§ **Task objective**:
Return exactly the lines of the records below, starting at the line that contains "Colorful Star Beaded" and ending at the line that contains "Vineyard 5-Piece Deep", with both of those lines kept.

[Data records]
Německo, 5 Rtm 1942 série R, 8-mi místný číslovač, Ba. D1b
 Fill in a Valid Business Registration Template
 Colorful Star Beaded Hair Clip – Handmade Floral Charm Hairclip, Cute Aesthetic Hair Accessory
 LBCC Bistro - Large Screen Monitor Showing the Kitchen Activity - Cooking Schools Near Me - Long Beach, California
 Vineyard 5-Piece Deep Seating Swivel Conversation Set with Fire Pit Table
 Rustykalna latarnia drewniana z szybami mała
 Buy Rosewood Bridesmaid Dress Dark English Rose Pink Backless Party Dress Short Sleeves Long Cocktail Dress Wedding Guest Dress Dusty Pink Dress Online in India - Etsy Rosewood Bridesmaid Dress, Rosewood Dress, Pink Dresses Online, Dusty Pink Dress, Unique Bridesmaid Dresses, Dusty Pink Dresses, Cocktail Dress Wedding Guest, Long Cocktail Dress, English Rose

§ **Solution for this problem**:
 Colorful Star Beaded Hair Clip – Handmade Floral Charm Hairclip, Cute Aesthetic Hair Accessory
 LBCC Bistro - Large Screen Monitor Showing the Kitchen Activity - Cooking Schools Near Me - Long Beach, California
 Vineyard 5-Piece Deep Seating Swivel Conversation Set with Fire Pit Table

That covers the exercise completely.